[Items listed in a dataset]
◆ ◆ ◆ ◆ ◆ ◆ ◆
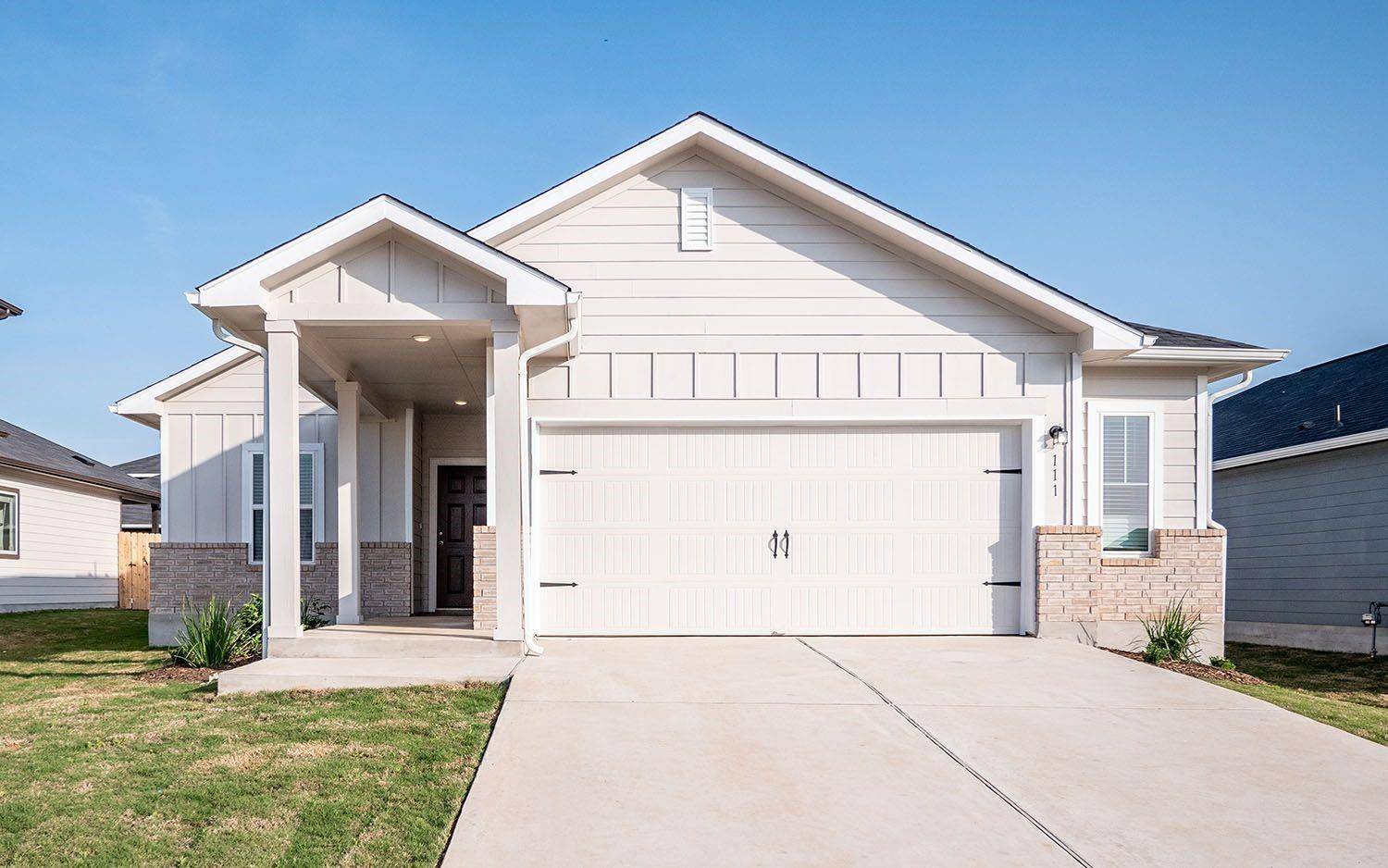 111 Acadia DR, Kyle, TX 78640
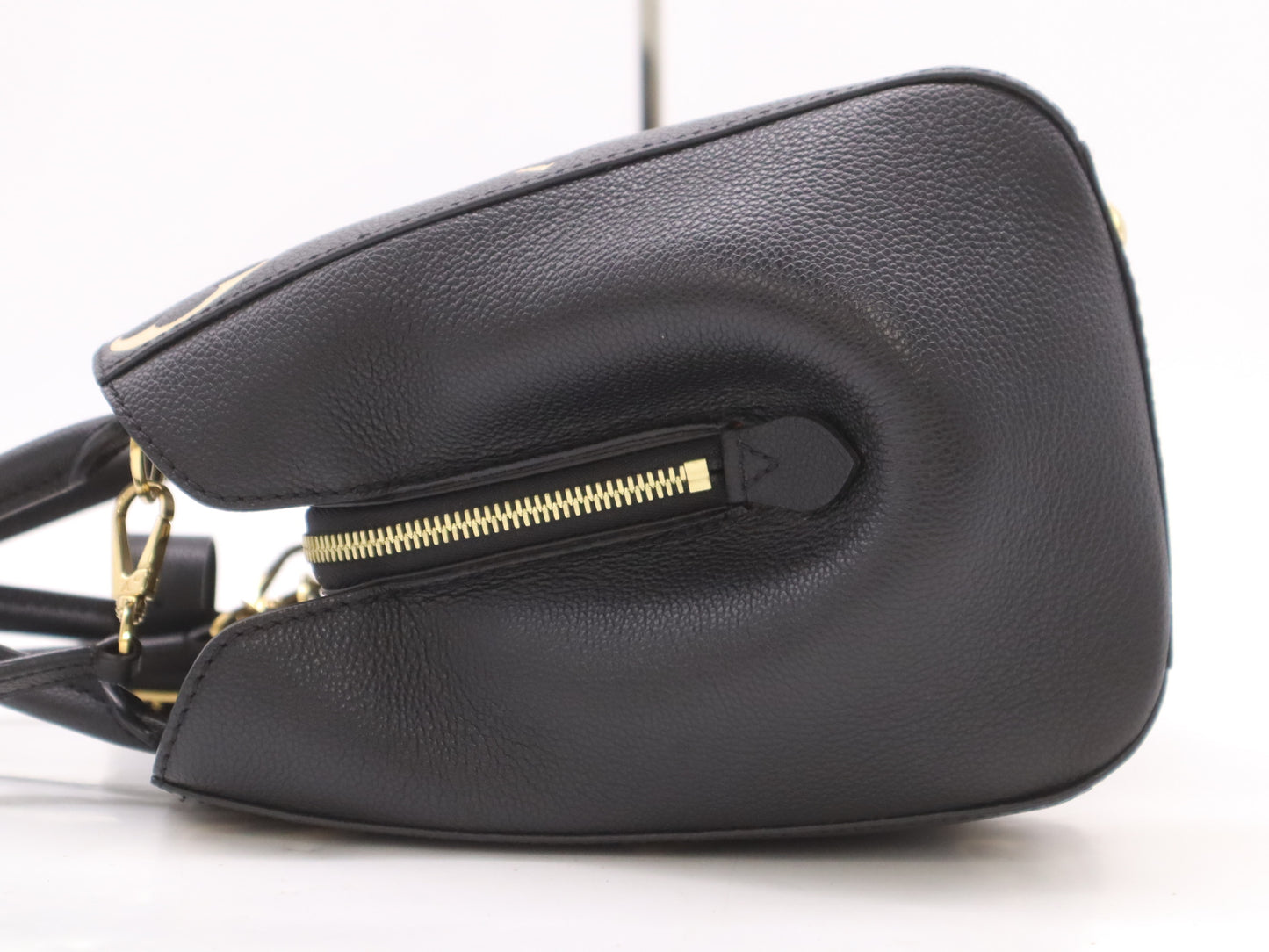 LOUIS VUITTON M45499 Empreinte Montaigne MM Shoulder Bag in Noir and Beige with Poignier Crochet Shoulder Strap, RFID Verified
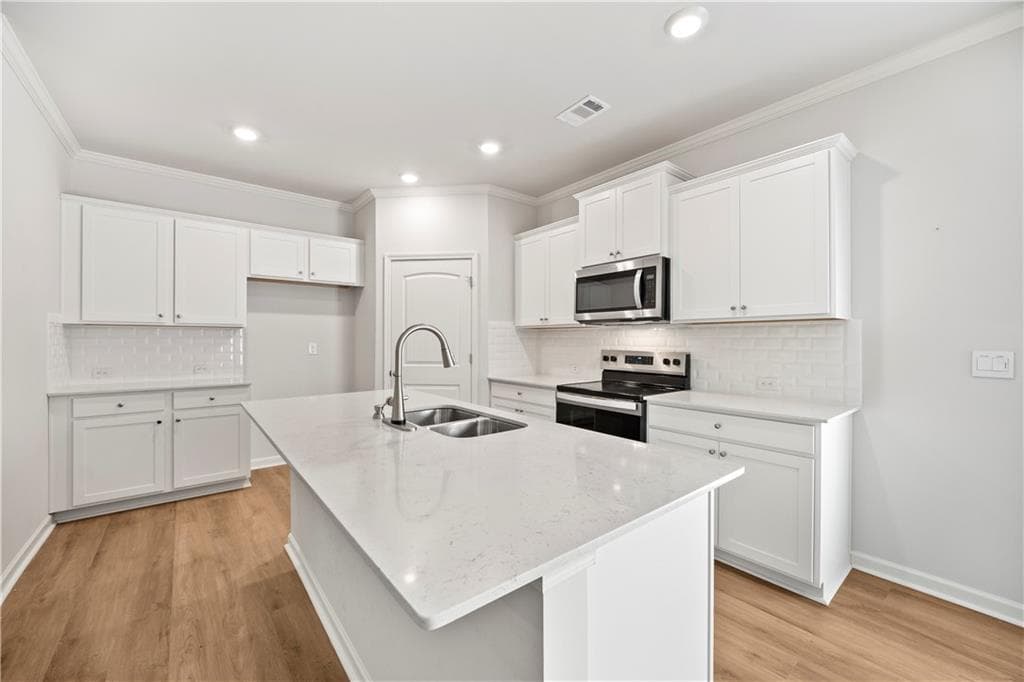3 bedroom, 3 bathroom, 1,904 sq ft townhouse for sale at 6710 Corryton Street, Flowery Branch, GA 30542 — photo 6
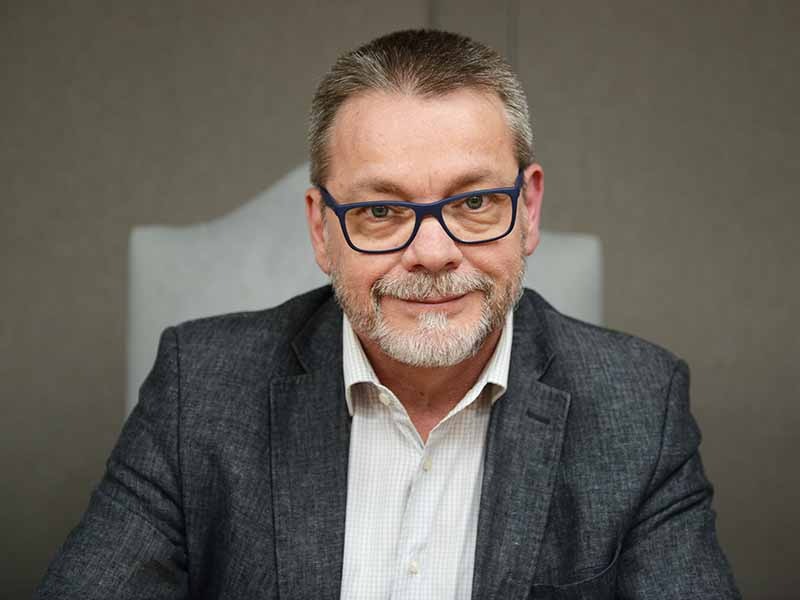 Enrique Lerena assume presidência da Setec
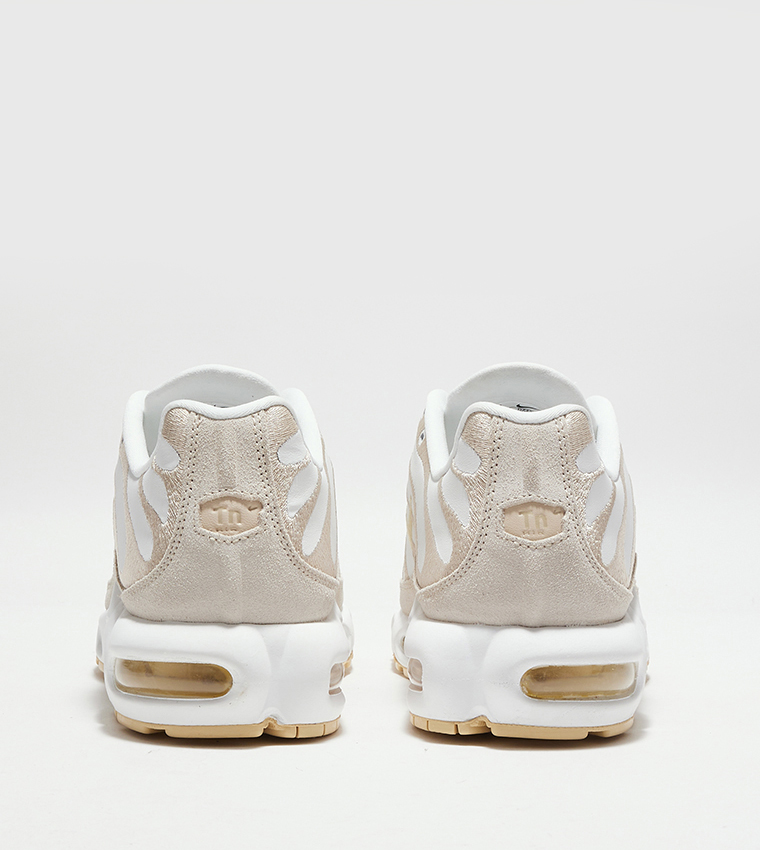 nike beige chunky sneakers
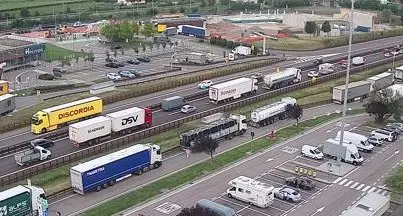 Traffico in tilt verso nord: schianto in A22 e lunghe code prima della protesta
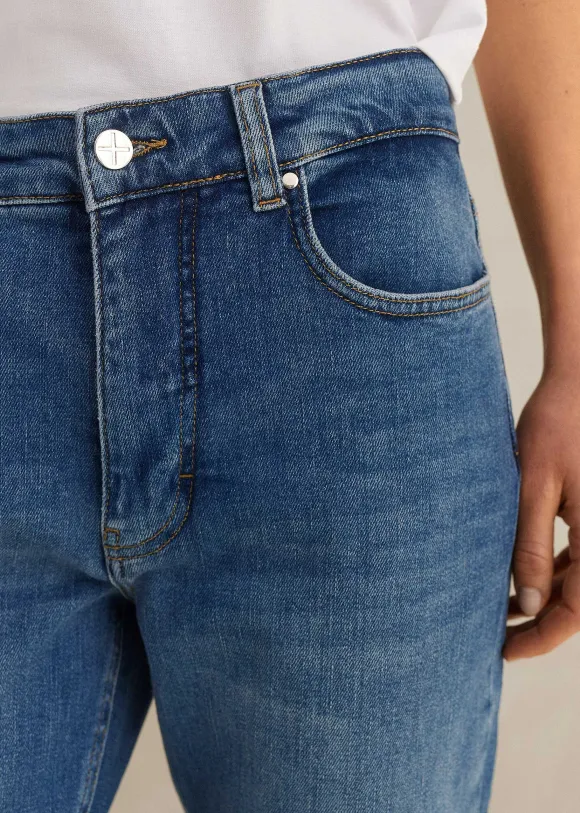 Regular Authentic Slim Crop Jean
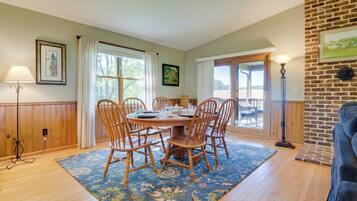 Cottage (2 Bedrooms) | Interior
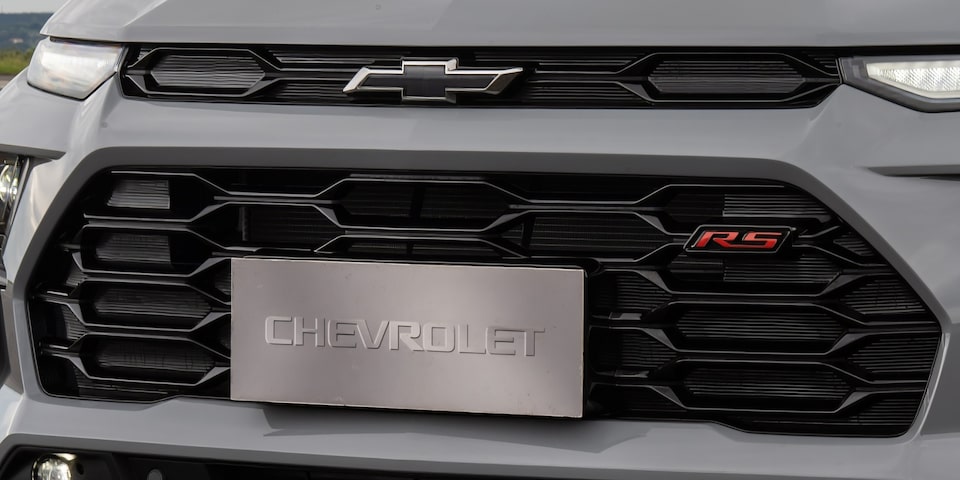 Primer plano de la parrila y el parachoques del Chevrolet Sonic.
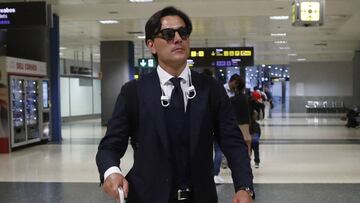 Montella en el aeropuerto.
◆ ◆ ◆ ◆ ◆ ◆ ◆
The full set of entries should be transcribed exactly, pictures left aside.

 111 Acadia DR, Kyle, TX 78640
 LOUIS VUITTON M45499 Empreinte Montaigne MM Shoulder Bag in Noir and Beige with Poignier Crochet Shoulder Strap, RFID Verified
3 bedroom, 3 bathroom, 1,904 sq ft townhouse for sale at 6710 Corryton Street, Flowery Branch, GA 30542 — photo 6
 Enrique Lerena assume presidência da Setec
 nike beige chunky sneakers
 Traffico in tilt verso nord: schianto in A22 e lunghe code prima della protesta
 Regular Authentic Slim Crop Jean
 Cottage (2 Bedrooms) | Interior
 Primer plano de la parrila y el parachoques del Chevrolet Sonic.
 Montella en el aeropuerto.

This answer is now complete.